**EXERCISE GOAL**
Given the entries that follow, write out exactly the lines starting at the one containing "Mystere de Marie" and ending at the one containing "Pokerspeler Gokker Speelkaart", both ends included, and only those.

[PROVIDED INFORMATION]

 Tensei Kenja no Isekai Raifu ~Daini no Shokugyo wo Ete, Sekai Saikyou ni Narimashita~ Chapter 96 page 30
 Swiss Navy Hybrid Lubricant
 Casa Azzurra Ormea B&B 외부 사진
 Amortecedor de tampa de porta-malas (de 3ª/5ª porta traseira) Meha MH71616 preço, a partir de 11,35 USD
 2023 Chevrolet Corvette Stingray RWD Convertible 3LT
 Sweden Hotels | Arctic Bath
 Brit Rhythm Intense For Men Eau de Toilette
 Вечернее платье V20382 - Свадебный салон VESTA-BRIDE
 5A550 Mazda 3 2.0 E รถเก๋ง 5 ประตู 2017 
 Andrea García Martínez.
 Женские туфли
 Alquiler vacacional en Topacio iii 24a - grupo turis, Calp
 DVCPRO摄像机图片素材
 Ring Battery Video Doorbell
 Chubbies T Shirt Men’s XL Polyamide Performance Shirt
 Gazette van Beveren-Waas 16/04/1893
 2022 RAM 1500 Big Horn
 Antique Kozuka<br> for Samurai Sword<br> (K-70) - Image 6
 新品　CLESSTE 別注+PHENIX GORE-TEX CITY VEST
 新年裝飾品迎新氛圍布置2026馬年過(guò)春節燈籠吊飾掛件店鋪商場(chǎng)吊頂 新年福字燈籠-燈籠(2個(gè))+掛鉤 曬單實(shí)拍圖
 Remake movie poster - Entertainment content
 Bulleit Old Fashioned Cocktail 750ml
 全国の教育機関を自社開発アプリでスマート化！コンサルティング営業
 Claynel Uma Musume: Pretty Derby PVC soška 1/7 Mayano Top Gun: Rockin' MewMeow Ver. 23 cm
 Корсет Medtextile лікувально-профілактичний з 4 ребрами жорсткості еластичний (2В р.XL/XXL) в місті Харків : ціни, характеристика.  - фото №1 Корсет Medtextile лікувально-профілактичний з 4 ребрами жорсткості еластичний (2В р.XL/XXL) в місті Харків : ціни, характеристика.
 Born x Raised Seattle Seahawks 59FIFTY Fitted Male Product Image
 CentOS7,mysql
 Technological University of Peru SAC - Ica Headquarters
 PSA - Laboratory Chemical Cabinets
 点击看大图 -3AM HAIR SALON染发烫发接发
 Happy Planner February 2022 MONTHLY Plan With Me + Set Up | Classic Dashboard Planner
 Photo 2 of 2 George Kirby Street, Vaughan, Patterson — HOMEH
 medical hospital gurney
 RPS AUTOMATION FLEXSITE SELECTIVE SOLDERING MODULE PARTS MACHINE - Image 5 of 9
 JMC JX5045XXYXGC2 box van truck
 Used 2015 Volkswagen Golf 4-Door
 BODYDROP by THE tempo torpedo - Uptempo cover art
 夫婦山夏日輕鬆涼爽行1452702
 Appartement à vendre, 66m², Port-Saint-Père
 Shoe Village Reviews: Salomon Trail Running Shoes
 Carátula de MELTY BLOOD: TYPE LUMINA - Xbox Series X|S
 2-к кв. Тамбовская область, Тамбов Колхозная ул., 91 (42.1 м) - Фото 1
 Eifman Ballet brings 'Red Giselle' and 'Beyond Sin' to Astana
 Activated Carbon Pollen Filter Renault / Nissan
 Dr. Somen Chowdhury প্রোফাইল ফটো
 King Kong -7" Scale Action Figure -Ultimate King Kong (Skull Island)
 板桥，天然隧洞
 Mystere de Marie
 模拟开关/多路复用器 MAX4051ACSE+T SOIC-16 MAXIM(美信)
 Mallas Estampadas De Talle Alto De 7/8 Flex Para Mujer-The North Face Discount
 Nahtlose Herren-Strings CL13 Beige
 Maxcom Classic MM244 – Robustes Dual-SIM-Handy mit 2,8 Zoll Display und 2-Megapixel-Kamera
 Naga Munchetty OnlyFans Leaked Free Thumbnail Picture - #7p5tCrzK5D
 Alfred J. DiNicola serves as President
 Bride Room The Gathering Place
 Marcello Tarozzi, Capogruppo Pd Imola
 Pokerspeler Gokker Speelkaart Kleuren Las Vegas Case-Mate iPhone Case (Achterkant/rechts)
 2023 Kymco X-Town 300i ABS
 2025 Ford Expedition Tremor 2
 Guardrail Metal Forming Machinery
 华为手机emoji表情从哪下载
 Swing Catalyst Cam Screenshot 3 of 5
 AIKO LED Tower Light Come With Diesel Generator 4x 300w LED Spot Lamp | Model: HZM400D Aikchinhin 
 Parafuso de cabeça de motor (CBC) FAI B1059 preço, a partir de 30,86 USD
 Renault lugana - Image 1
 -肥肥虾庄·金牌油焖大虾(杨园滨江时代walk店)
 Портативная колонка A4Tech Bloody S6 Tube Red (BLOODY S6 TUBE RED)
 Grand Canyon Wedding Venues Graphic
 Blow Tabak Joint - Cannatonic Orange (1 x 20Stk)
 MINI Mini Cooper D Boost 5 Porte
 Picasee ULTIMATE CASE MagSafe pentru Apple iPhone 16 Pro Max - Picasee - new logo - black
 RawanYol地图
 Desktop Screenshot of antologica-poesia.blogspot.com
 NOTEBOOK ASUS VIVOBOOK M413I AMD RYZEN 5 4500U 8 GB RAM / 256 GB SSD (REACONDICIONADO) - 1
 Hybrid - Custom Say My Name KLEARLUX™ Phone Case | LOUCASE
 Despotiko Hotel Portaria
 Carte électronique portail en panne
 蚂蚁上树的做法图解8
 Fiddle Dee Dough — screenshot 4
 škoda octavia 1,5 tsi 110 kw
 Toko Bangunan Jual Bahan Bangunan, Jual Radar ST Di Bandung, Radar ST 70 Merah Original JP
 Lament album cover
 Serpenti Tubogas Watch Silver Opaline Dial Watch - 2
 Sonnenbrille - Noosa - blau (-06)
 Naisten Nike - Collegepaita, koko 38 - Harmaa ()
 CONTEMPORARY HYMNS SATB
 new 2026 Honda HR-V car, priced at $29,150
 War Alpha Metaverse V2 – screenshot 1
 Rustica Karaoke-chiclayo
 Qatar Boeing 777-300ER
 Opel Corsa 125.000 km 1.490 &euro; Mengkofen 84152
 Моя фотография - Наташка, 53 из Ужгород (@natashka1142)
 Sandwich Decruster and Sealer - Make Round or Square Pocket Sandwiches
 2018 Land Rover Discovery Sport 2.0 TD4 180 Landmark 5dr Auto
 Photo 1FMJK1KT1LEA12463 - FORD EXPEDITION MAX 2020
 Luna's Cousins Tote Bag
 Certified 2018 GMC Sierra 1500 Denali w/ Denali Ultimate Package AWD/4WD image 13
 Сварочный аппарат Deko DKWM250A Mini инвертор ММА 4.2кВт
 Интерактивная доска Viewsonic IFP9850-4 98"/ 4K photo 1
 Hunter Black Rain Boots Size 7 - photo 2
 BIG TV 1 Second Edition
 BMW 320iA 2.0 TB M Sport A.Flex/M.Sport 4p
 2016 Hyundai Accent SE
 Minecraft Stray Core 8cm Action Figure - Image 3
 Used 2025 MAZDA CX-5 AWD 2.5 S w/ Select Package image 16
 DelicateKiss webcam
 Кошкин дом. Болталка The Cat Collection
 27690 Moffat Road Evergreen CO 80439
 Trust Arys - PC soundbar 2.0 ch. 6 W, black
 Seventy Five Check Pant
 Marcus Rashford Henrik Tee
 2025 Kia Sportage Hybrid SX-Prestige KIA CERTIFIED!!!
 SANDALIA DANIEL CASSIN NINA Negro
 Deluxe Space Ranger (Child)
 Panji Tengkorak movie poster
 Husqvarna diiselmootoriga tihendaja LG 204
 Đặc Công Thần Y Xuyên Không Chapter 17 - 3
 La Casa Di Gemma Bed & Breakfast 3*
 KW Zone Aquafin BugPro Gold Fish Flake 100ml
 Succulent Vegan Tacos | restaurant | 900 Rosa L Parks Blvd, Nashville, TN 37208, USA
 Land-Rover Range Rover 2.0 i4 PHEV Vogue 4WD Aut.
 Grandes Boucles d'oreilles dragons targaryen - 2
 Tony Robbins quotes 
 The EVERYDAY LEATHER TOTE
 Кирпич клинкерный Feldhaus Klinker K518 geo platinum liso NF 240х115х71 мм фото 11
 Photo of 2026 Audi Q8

[/PROVIDED INFORMATION]

**TASK SOLUTION**
 Mystere de Marie
 模拟开关/多路复用器 MAX4051ACSE+T SOIC-16 MAXIM(美信)
 Mallas Estampadas De Talle Alto De 7/8 Flex Para Mujer-The North Face Discount
 Nahtlose Herren-Strings CL13 Beige
 Maxcom Classic MM244 – Robustes Dual-SIM-Handy mit 2,8 Zoll Display und 2-Megapixel-Kamera
 Naga Munchetty OnlyFans Leaked Free Thumbnail Picture - #7p5tCrzK5D
 Alfred J. DiNicola serves as President
 Bride Room The Gathering Place
 Marcello Tarozzi, Capogruppo Pd Imola
 Pokerspeler Gokker Speelkaart Kleuren Las Vegas Case-Mate iPhone Case (Achterkant/rechts)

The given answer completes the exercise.